Car les femmes ont changé, la mode aussi, et 1.2.3 a vieilli. Maison Cent Vingt-Trois, pilotée par Marie-José Rubini, veut se rajeunir, séduire une clientèle plus sensible aux tendances, et surtout davantage transgénérationnelle. Elle vise aussi à transmettre des valeurs éthiques et durables. Pour incarner ce nouveau souffle, la marque a choisi la comédienne Marie Gillain pour sa campagne actuelle. Une égérie quarantenaire à la beauté évidente, limpide, et paradoxalement proche de toutes les femmes de sa génération. Une belle « girl next door ». Idéale pour représenter le cœur de cible de la marque-enseigne. Et ses valeurs, l’authenticité, l’élégance, la confiance, le bien-être.

Simultanément à ce changement en douceur d’identité, les thèmes mode ont évolué. A l’origine, un esprit tailoring pour femme active signait la marque. C’est moins vrai aujourd’hui. Maison Cent Vingt-Trois s’est rapprochée des tendances avec un vestiaire plus diversifié permettant des jeux de combinaisons plus vastes.

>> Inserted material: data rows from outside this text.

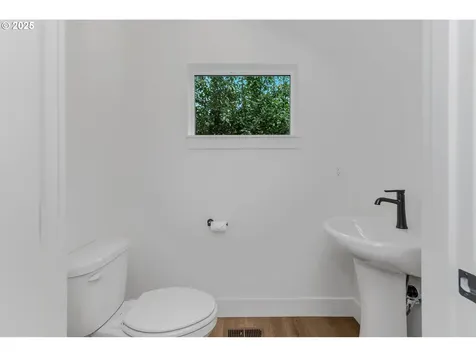 1209 S 6th Avenue Kelso WA 98626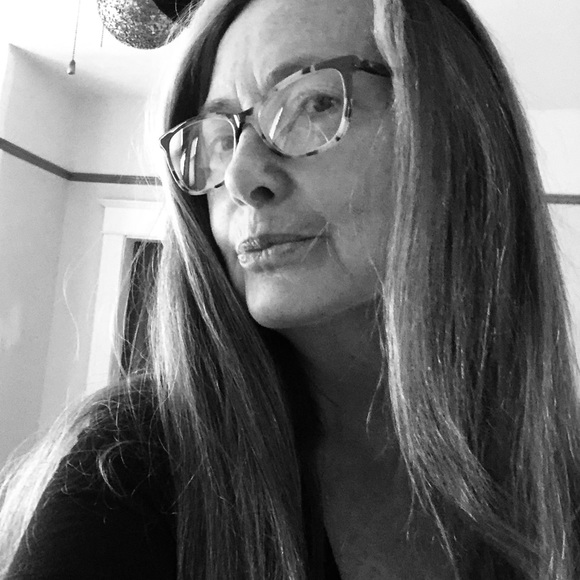 Meet your Posher, Ginny - Picture 2 of 2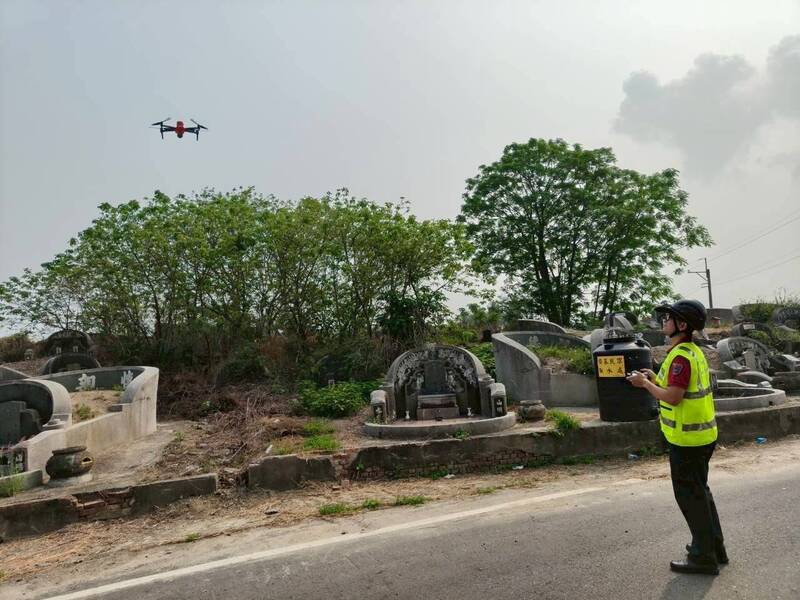 南山公墓亂倒廢棄物遭查處 無人機巡檢全面上線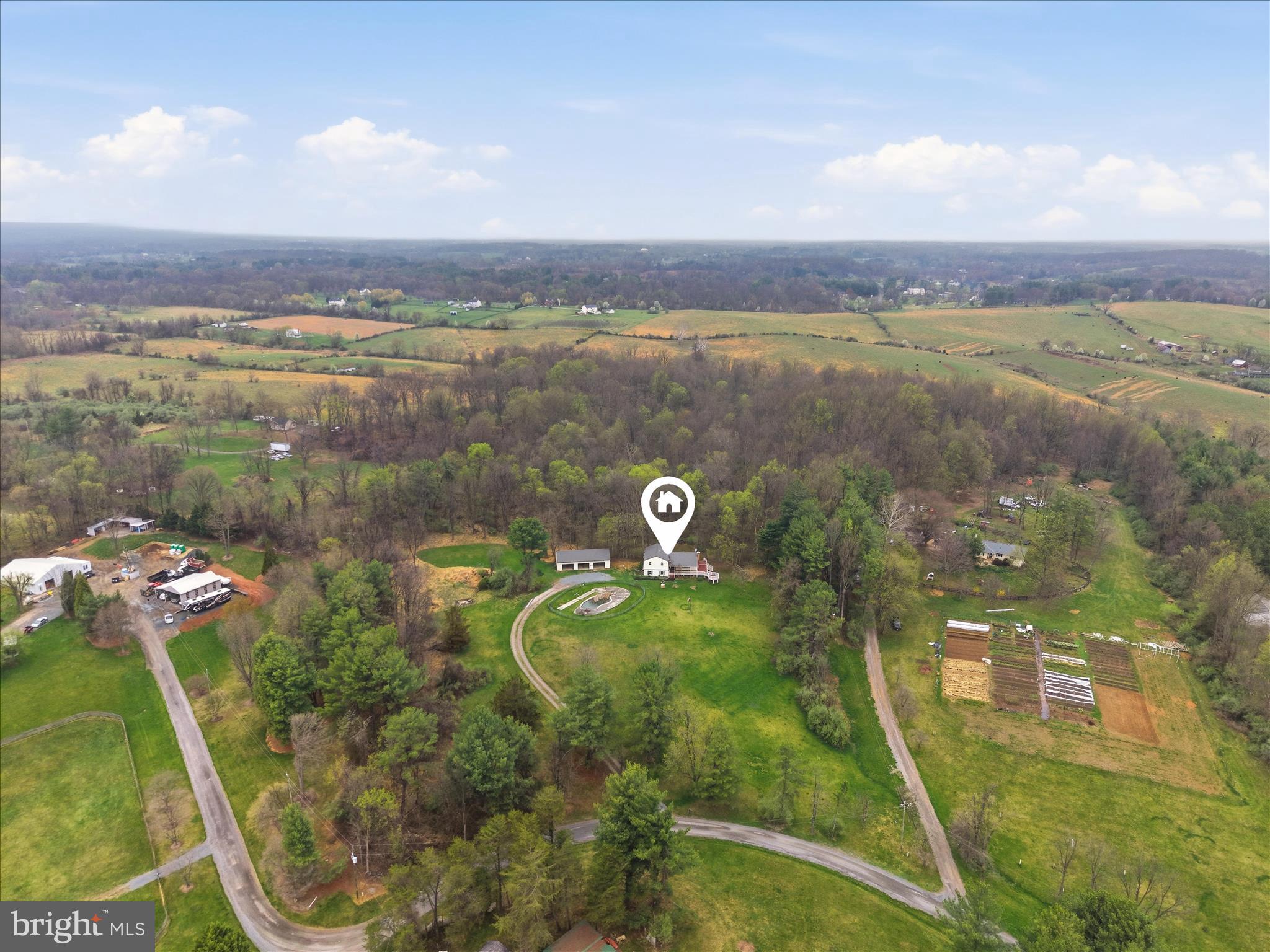 LOVETTSVILLE - Residential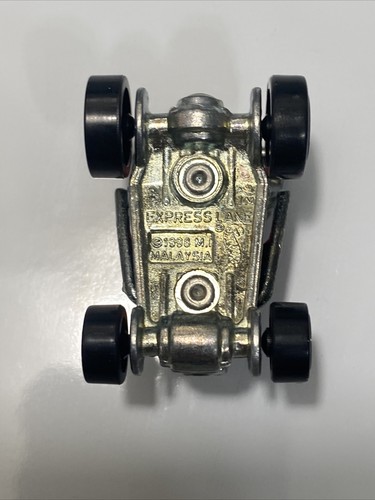 ** Hot Wheels 1998 First Editions Express Lane ~ Collector #678 MINT ** - Picture 8 of 8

Au menu, trois vestiaires chaque saison, dans lesquels la cliente peut piocher aisément pour se composer à loisir la tenue correspondant à son moment de la journée : une collection « business », une ligne casual-chic pour le quotidien et une gamme plus habillée pour les soirées et les occasions spéciales.

Une identité mode repensée

Parallèlement, le site web comme le réseau de boutiques (178 points de ventes en France et 320 au total) est en train d’être modernisé, pour offrir une expérience simple et lisible. Le concept : des boutiques - maisons d’esprit lifestyle, composées d’espaces intimes et chaleureux et offrant de multiples services : la colorimétrie, qui aide la cliente à définir « sa » meilleure palette de couleurs, ainsi que le « morphostyle », qui détermine la morphologie de la consommatrice pour lui permettre de trouver facilement des coupes adaptées. On trouve l’incarnation de ce nouveau concept rue du Commerce, dans le XV e arrondissement de Paris, avec une boutique rénovée en mai dernier. Celle-ci ,sur deux niveaux, propose en plus des collections un espace de coworking et accueillera en outre des labels choisis pour leur engagement durable, leur revendication « made in France », comme les jeans 1083 ou l’offre de la Gentle Factory, née au sein du groupe Happychic.

Nouveau concept de boutiques

Dans le droit fil de cette démarche, la Maison s’engage dans une démarche éthique. Elle a ainsi noué un partenariat avec I:CO, premier prestataire mondial pour la collecte en magasin et le recyclage de textiles et chaussures usagés.

L’une des marques-enseignes les plus connues du paysage français parviendra -t-elle à réussir sa mue sur fond de consommation de mode atone ? Tout est mis en œuvre, en tous cas pour atteindre ce but. En attendant, les derniers chiffres publiés remontent au 31 décembre 2017 et sont en baisse significative au regard de l’année précédente : 131, 7 millions d’euros, contre 140 millions d’euros en 2016.